Jakarta, FORTUNE - Menteri Energi dan Sumber Daya Mineral (ESDM) Bahlil Lahadalia mengakui Indonesia masih melakukan impor bijih nikel. Menurutnya, meski negeri ini merupakan salah satu pemasok nikel terbesar dunia dan memiliki industri nikel sendiri, impor bijih bukanlah larangan, terlebih untuk memenuhi kebutuhan industri smelter dalam negeri.
"Impor itu sebenarnya enggak haram. Untuk memenuhi stok bahan baku dia, kan, enggak apa-apa," ujarnya di Balai Kartini, Jakarta, Senin (25/11).
Lagipula, menurut Bahlil, jumlah impor bijih nikel Indonesia saat ini kurang dari 10 persen dari total produksi domestik yang mencapai 157 juta ton per tahun. Lantaran itu, ia tidak mempermasalahkan adanya impor bijih nikel selama hal tersebut tidak dilarang aturan.
"Saya itu takut kalau barang dilarang, [bijih nikel] barang enggak dilarang," katanya.

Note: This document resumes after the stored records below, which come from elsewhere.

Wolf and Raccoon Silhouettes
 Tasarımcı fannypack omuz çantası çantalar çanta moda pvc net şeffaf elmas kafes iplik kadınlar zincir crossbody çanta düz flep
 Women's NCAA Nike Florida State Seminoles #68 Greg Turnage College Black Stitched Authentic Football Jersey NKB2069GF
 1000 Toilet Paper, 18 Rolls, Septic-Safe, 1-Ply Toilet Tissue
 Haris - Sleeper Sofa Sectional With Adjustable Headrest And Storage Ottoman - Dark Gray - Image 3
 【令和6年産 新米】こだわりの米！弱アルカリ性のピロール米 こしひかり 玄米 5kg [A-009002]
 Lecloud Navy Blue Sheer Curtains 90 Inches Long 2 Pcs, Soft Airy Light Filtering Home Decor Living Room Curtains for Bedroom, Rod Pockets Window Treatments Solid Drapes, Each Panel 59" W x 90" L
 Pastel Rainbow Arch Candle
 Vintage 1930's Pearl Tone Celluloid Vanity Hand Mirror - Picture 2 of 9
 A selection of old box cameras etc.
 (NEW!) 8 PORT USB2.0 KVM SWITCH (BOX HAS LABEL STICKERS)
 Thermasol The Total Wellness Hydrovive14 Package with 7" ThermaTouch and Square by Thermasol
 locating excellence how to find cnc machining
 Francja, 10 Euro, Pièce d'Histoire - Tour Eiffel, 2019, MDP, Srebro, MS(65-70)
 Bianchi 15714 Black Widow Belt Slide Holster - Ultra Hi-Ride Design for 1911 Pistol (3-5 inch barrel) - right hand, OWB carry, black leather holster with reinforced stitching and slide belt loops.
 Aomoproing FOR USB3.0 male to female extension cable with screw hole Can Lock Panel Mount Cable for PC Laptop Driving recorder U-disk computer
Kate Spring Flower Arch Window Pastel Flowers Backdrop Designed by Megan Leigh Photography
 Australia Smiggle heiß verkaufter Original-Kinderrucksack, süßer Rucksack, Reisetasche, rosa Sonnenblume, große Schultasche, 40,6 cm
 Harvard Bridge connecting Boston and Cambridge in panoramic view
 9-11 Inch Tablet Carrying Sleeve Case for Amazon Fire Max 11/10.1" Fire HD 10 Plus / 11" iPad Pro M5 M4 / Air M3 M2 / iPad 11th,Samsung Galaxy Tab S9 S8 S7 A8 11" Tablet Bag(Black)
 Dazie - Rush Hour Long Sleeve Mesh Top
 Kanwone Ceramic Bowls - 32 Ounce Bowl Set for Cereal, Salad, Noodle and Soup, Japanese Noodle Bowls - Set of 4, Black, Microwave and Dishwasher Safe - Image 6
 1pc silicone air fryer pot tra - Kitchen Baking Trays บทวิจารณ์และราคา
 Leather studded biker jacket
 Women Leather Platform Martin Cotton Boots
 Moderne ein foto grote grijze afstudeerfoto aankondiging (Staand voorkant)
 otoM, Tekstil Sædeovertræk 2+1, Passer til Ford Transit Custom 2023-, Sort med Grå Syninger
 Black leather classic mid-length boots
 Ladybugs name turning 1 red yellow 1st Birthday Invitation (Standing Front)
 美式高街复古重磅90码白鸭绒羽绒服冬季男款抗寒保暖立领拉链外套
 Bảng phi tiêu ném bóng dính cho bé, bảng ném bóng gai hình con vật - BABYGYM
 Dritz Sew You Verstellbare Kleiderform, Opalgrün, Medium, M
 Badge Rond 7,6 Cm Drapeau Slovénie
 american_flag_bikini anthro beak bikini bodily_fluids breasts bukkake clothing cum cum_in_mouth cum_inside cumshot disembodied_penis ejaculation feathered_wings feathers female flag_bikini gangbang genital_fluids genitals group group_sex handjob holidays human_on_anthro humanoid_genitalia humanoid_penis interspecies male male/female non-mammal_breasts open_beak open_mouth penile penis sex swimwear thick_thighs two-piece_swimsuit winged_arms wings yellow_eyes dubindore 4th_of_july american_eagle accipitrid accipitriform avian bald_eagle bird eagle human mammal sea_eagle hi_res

Di samping itu, menurutnya, impor bijih nikel yang dilakukan Indonesia saat ini hanya melibatkan dua kapal yang mengangkut limonit. Limonit sendiri merupakan jenis nikel berkadar rendah yang jadi bahan baku untuk smelter. "Impor itu menurut saya baru dua kapal kok. Baru dua kapal, dan itu pun limonit," ujarnya.
Badan Pusat Statistik (BPS) melaporkan nilai Impor Nikel pada Oktober 2024 mencapai US$7,2 juta. Sementara itu, secara kumulatif pada Januari-Oktober 2024, nilai impor nikel Indonesia mencapai US$21,87 juta.
"Ini [yang] kita bandingkan tidak hanya impor. Harus lihat data ekspor nikel. Karena kita adalah eksportir nikel dan salah satu produsen nikel terbesar di dunia," katanya.